# Folding Side Mirrors on S3



## ndkkdn (Nov 19, 2014)

Sure its been asked...

How do I get the side mirrors to fold when I park my car?

I checked the manual and it doesn't seem to be any help, it points me to a feature on the side mirror control knob that I dont have.

I have the Canadian S3 Technik with convenience package.

Thanks!


----------



## RyanA3 (May 11, 2005)

CHECK MENU for vehicle controls
or try putting the mirror knob in the fold spot, so they fold automatically for you
mine works. but I can't recall if it's because of my knob setting, or the menu setting
good luck
if all else fails get out the dreaded manual.


----------



## embrauer (Mar 26, 2013)

Canadian cars don't have power folding mirrors on any trim. An annoying omission for whatever reason.


----------



## ndkkdn (Nov 19, 2014)

That is... My God there are no words for how frustrating that is. Any way to vag-com that function on Canadian models?


----------



## misaka (Feb 8, 2013)

embrauer said:


> Canadian cars don't have power folding mirrors on any trim. An annoying omission for whatever reason.

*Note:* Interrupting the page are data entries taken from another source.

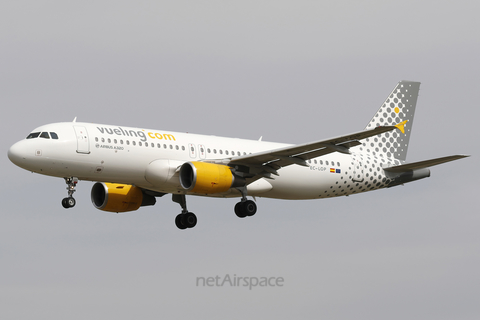 Vueling Airbus A320-214 (EC-LOP) at  Barcelona - El Prat, Spain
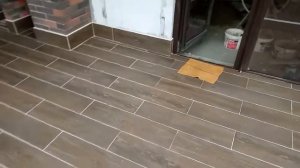 Плитка на крыше. Терасса из плитки под дерево.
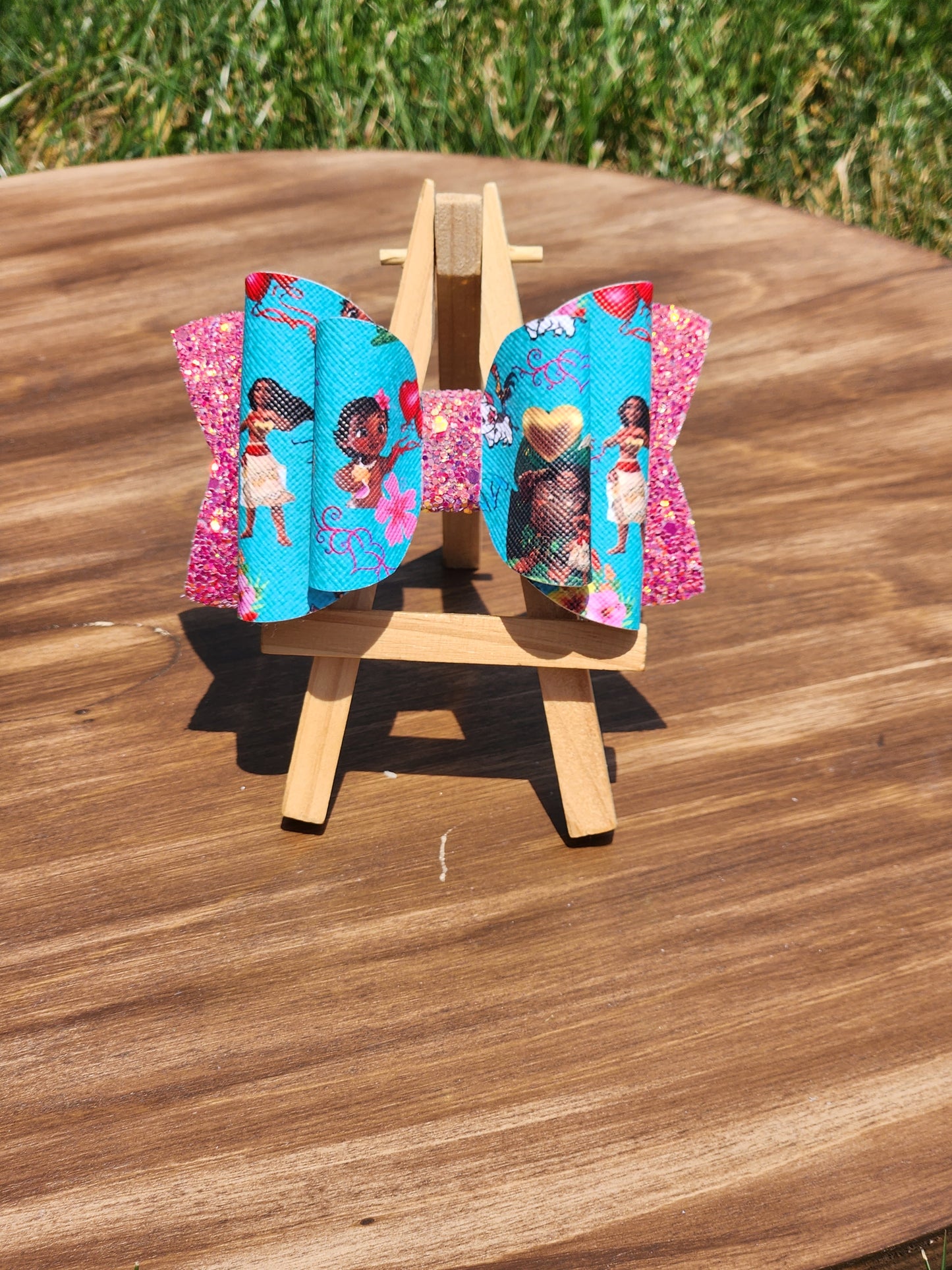 4" Chloe Bows Island girl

It's as baffling as the no fog lights on any american car on any trim lol.


----------



## gamegenie (Aug 24, 2014)

misaka said:


> It's as baffling as the no fog lights on any american car on any trim lol.

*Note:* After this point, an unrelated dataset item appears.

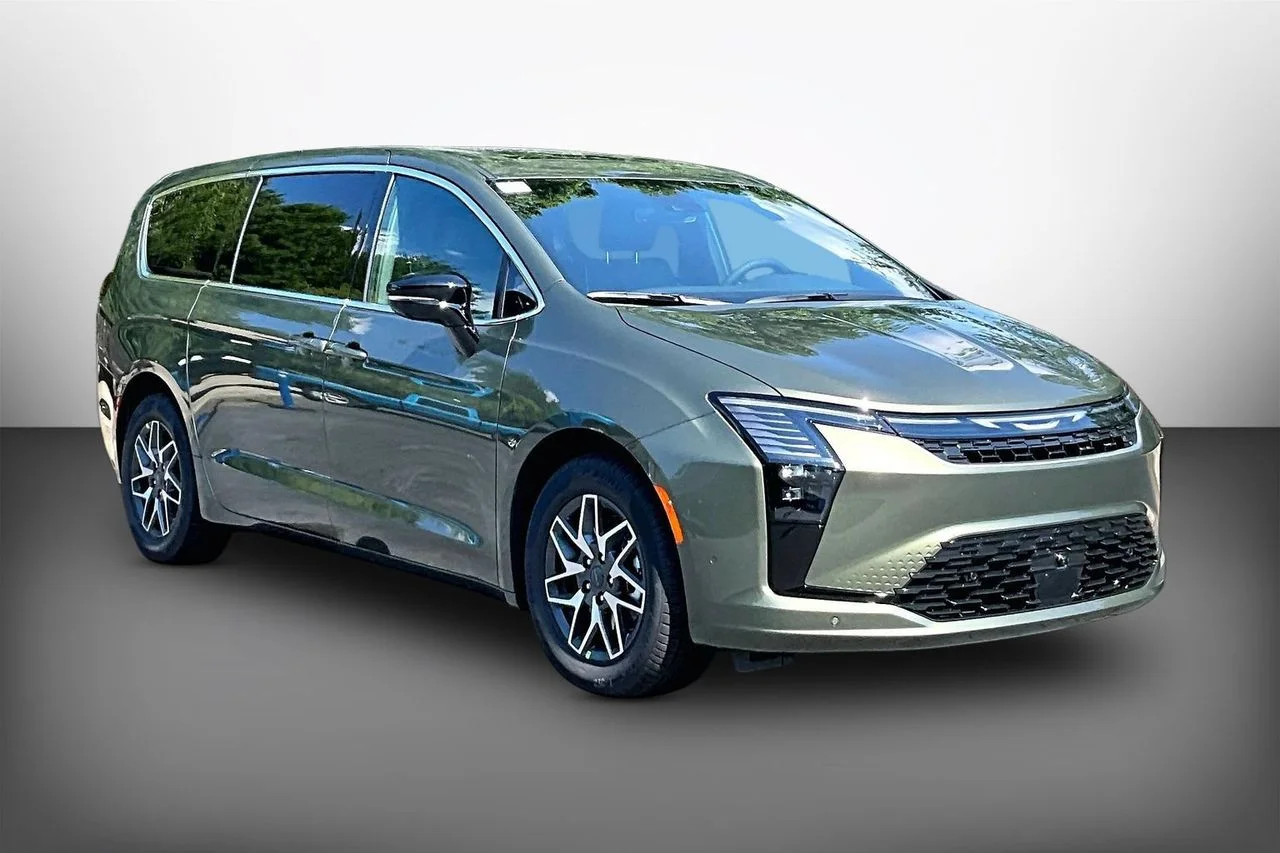 2027 Chrysler Pacifica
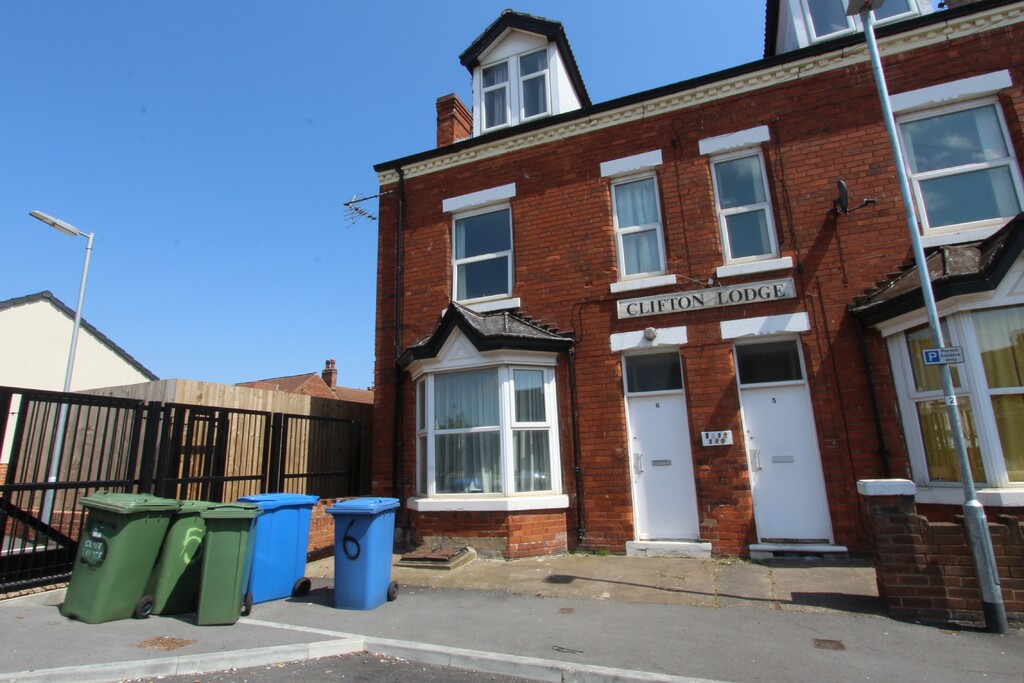 5-6 Clifton Place, Nottinghamshire, NG18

ugh-hmm don't forget Auto stop-start, Park Assist 










and Hold-Assist


----------



## FLtrooper (Jul 16, 2012)

Can the likes of Folding Mirrors, Drive Select, and fog lights be retrofitted?


----------



## twenzel (Jan 20, 2011)

FLtrooper said:


> Can the likes of Folding Mirrors, Drive Select, and fog lights be retrofitted?


Mirrors can be retrofitted. You would need the door controllers and mirrors from a car that came with folding. I did this on my MK6 Golf R. Pretty easy swap and coding.


----------



## trueunion (Apr 15, 2008)

I love my folding mirrors in my tight garage is awesome!!


----------



## FLtrooper (Jul 16, 2012)

Anyone have part numbers for the folding Mirrors?


----------



## KingoftheWok (Jul 30, 2014)

FLtrooper said:


> Anyone have part numbers for the folding Mirrors?


http://europrice.us/folding-mirror-package-a3-s3

There you go.


----------



## ndkkdn (Nov 19, 2014)

Pretty sure it'll void my lease if I installed those... just really frustrated that they wouldn't include this feature in Canadian models.


----------